Everyone must suffer some to learn empathy. Everyone must suffer some to break their pride down to a healthy level. It doesn't take much to do that. Traditionalists or others who say that all the suffering in the world is necessary are insane, in my opinion.

So what does that have to do with God? It means He's not the all-powerful, all-good God tradition says He is. David Hume said this almost 300 years ago. Some say Hume is wrong, that somehow there's a good reason the world is the way it is with a traditional God, overcoming sin slowly perhaps, for reasons unknown to mere mortals. I ask God about it, and He says, "No, tradition is wrong." Next question.

John W. Loftus said...

Regarding the question of intense suffering, I did my internship at a Jewish hospital many years ago. There was a noticeable difference in my patients who had concentration camp numbers on their forearms. They were less afraid. They were usually more open to me personally, though maybe some were more withdrawn. Was their suffering good for them? A little bit. It couldn't justify the Holocaust, but people had learned something.

This is very lame. Ask these same people if their lives are better off because of their suffering, that they are glad it happened, and that if they had it to do all over again they would. Go ahead. Ask them. Then get back to me.

Plus there are people who are not alive anymore precisely because of those concentration camps for you to even ask....most of whom are purportedly in hell.

Everyone must suffer some to learn empathy. Everyone must suffer some to break their pride down to a healthy level. It doesn't take much to do that. Traditionalists or others who say that all the suffering in the world is necessary are insane, in my opinion.

What about the Christian God and/or angels? Then suffering is not necessary, as you admit.
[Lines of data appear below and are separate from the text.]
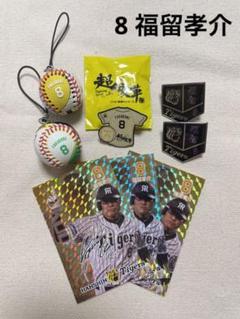 【美品】阪神タイガース 福留孝介選手 ビックリマンシール2018 Amazon.co.jp: 阪神タイガース×ビックリマン 2018 福留孝介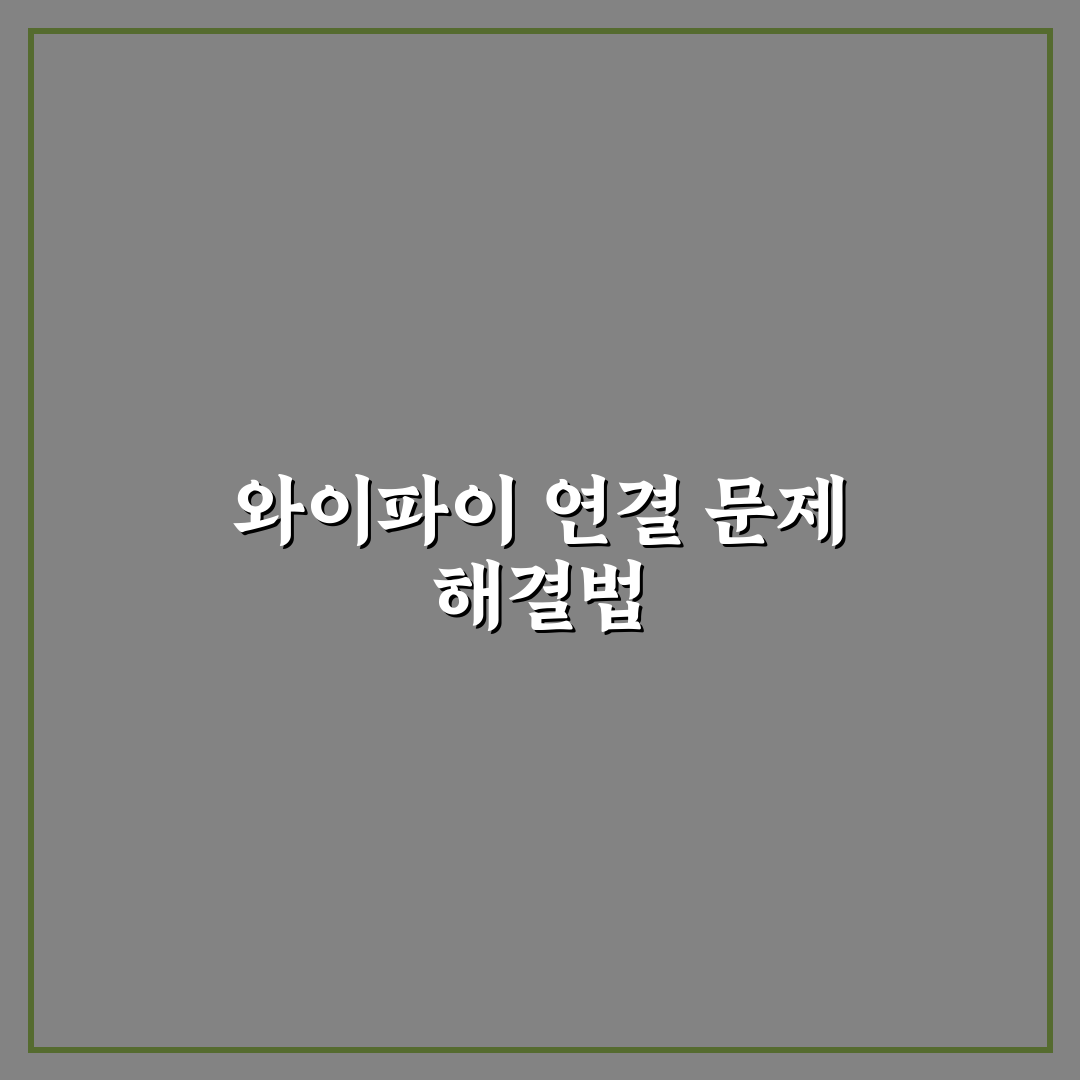 와이파이 연결 문제 해결, 직접 점검해보니 알게 된 팁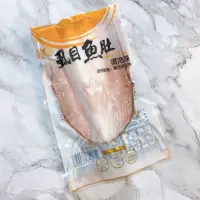 在飛比找蝦皮購物優惠-冷凍 低GI 台南無刺虱目魚肚 250g-300g 蒸/煎/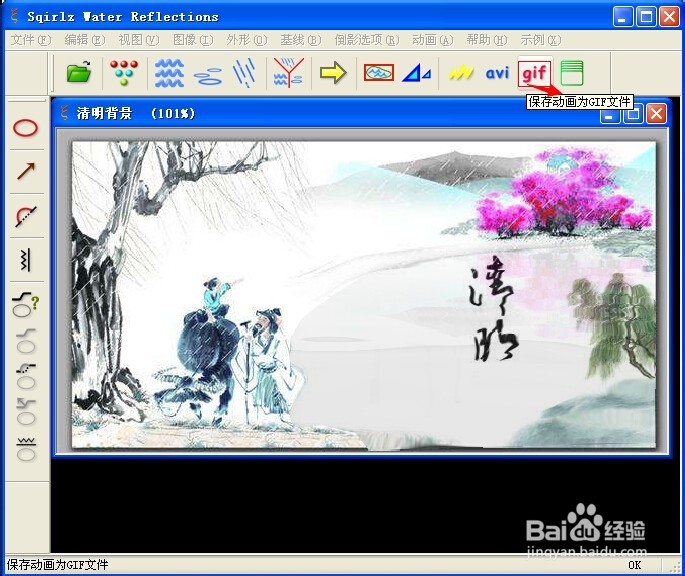 怎样制作水波倒影动画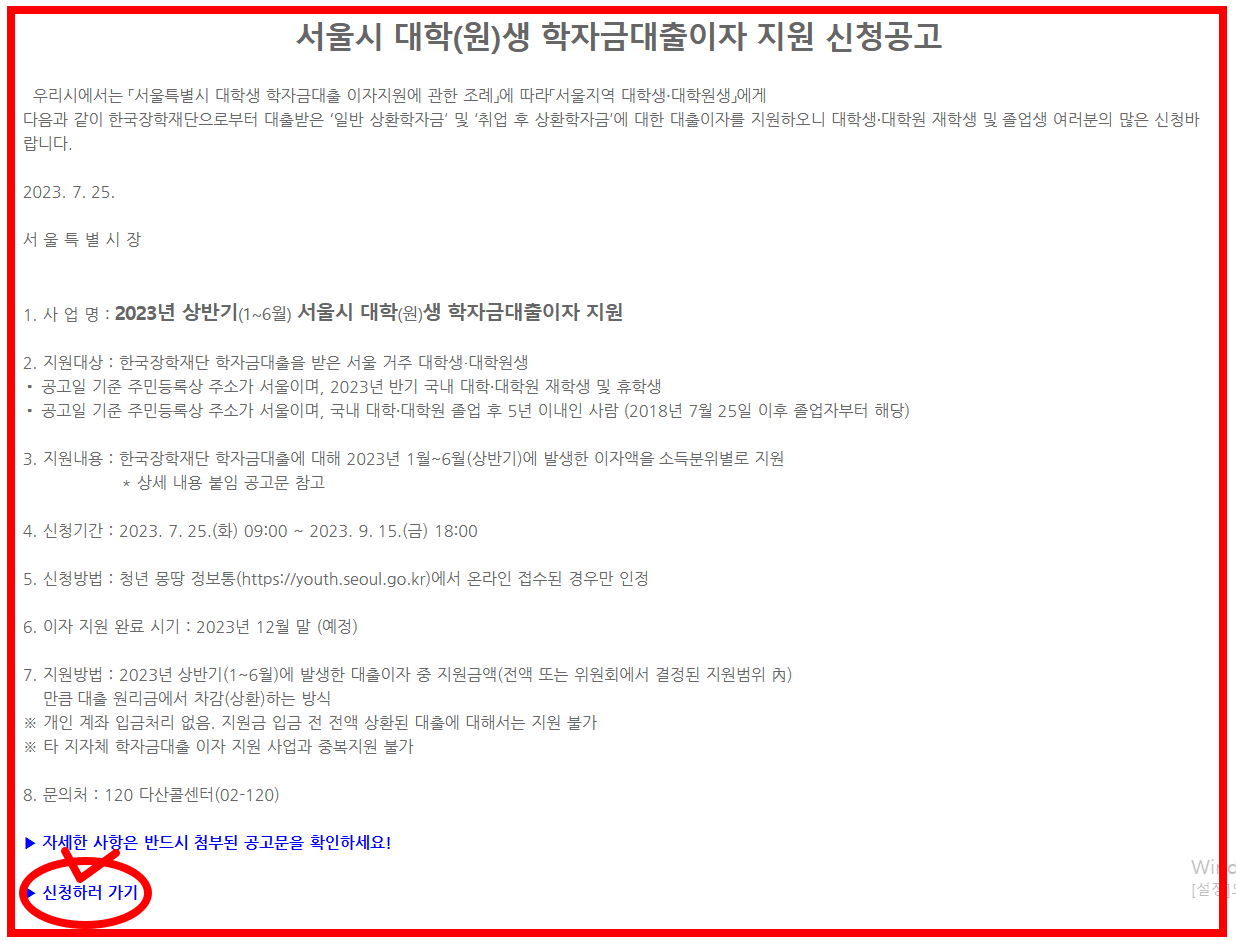 서울시 상반기 학자금 대출 이자 전액 지원 신청 바로가기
But the suffering I'm talking about is the kind that will turn your stomach, that reduces a man to nothing, that provokes people to commit suicide, that causes them to abandon all hope of life, that crushes bones, breaks wills, that is unbearable, gratuitous, and completely undeserved.

DavidD said...

I spent a career in medicine. I volunteer now at a charity where the clients are quite needy. I know suffering very well, Mr. Loftus. I'm sorry you don't read well enough to read what I wrote instead of what you assumed I wrote. I said two ways that while suffering can be helpful, that cannot justify how much suffering there is.

You asked about intense suffering. I gave you what I know, my real world experience. Now apparently you are more interested in wordy fantasy that agrees with you completely. What not just make up your own comments then?